Sementara itu, General Manager External Affairs and Sustainable Development Division PT KPC Wawan Setiawan menyampaikan keprihatinannya atas masih adanya kasus stunting di Kutim dan menegaskan komitmen perusahaan untuk terlibat aktif dalam penanganannya. Ia menilai persoalan stunting dapat ditangani lebih cepat melalui gotong royong lintas pihak.
Wawan juga menyampaikan keyakinannya bahwa hasil signifikan bisa dicapai apabila kontraktor yang hadir turut berkomitmen membantu keluarga berisiko stunting. Menurutnya, dukungan puluhan kontraktor dapat mempercepat penyelesaian persoalan tersebut.

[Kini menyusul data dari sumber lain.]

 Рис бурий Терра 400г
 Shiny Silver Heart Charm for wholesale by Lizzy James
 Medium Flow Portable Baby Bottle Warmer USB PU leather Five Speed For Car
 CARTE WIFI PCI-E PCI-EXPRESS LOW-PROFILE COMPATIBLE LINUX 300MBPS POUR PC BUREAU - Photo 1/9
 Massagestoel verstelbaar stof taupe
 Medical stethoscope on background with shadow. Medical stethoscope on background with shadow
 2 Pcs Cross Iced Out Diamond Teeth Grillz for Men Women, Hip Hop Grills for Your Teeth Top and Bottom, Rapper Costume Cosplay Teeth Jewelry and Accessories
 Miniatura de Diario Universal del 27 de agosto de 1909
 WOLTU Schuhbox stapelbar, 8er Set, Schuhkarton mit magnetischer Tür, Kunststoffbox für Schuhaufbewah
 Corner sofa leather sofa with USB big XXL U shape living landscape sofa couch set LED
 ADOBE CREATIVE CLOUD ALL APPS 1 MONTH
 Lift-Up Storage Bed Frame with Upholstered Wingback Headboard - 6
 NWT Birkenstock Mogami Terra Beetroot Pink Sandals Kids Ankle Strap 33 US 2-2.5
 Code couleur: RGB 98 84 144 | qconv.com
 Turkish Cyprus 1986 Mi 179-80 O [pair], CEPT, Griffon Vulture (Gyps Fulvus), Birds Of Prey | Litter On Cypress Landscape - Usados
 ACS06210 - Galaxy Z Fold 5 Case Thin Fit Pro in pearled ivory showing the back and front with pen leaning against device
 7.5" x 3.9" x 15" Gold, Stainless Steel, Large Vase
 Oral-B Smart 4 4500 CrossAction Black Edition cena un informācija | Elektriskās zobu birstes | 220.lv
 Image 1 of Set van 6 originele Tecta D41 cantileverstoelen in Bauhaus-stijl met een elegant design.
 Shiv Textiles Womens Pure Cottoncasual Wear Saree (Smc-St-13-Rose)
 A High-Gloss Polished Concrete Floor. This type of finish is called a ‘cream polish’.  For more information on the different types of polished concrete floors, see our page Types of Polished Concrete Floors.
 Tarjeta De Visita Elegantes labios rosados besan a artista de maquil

Sebelumnya, Acting Manager Community Empowerment PT KPC Faizal menjelaskan forum komunikasi CSR dibentuk sebagai wadah koordinasi dua arah antara perusahaan dan mitra kerja untuk membahas isu sosial secara kolaboratif. Ia menyebut forum ini membahas kolaborasi program pemberdayaan masyarakat, aksi kemanusiaan, serta program CSR lainnya agar lebih tepat sasaran.
Faizal menambahkan pertemuan forum tersebut digelar rutin setiap tiga bulan, dan pertemuan kali ini merupakan yang kedua dengan melibatkan sekitar 50 kontraktor. Ia berharap potensi dan strategi para kontraktor dapat diarahkan untuk melakukan intervensi kepada keluarga berisiko stunting, khususnya di Sangatta Utara.
Melalui kolaborasi antara pemerintah daerah, dunia usaha, dan mitra masyarakat, percepatan penurunan stunting di Kutim diharapkan berjalan lebih efektif dan terukur. Sinergi tersebut ditujukan untuk menghadirkan intervensi yang tepat sasaran, berkelanjutan, serta menjangkau keluarga berisiko stunting secara menyeluruh.